Une autre audience a été programmée pour le lundi prochain afin de statuer dans les dossiers de 20 autres jeunes poursuivis pour les mêmes charges, dont 9 sont placés sous contrôle judiciaire et 11 en détention provisoire.

Soulagement à Haïzer

Les citoyens de Haïzer ont manifesté leur soulagement, hier matin, en apprenant l’acquittement des 5 détenus qui ont comparu devant le tribunal de Bab El Oued. Parmi les cinq manifestants, trois jeunes de Haïzer, à savoir Hamza Karoun, Akbi Akli et Lakhel Ali, en détention provisoire deux jours après la 18e marche populaire à Alger à laquelle ils avaient pris part. Les autres manifestants également acquittés par le tribunal de Bab El Oued sont Mohand Boudjemil et Kamel Belkeha. Pour Meziane Chabane, élu RCD à l’APW de Bouira, l’acquittement prononcé est un «soulagement» mais il ne faut pas oublier, ajoute-t-il, que la relaxe a été prononcée sous la pression populaire : «C’est grâce à la formidable mobilisation populaire au quotidien que nos jeunes ont été libérés, mais nous exigeons la libération de l’ensemble des détenus.

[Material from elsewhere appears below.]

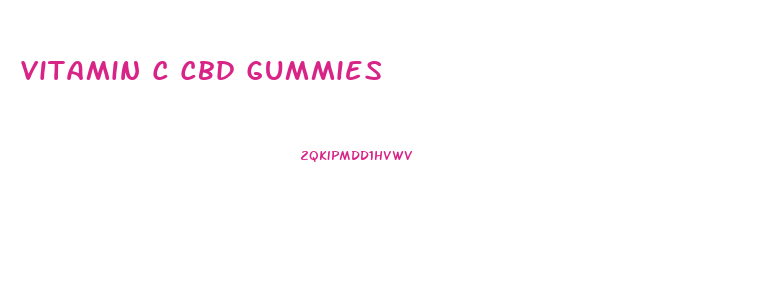 Vitamin C Cbd Gummies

La résistance face à la répression depuis le 22 février dernier fait vaciller le pouvoir, sinon comment expliquer le phénomène des deux poids deux mesures appliqué pour les manifestants ayant brandi le drapeau amazigh ? Le tribunal de Sidi M’hamed s’appuie-t-il sur une Constitution autre que la Constitution algérienne ? Tous les porteurs du drapeau amazigh ont été placés en détention pour le même motif, mais leurs procès et les verdicts diffèrent d’un tribunal à un autre», s’étonne Meziane Chabane, affirmant que les marches de soutien et actions de rue continueront jusqu’à la libération de tous les détenus : «Au niveau de la daïra de Haïzer, il reste encore le militant du RAJ Aïssous Massinissa qui croupit en prison avec ses camarades. Nous avons une pensée particulière à tous ces détenus et nous demeureront mobilisés jusqu’au bout», insiste-t-il.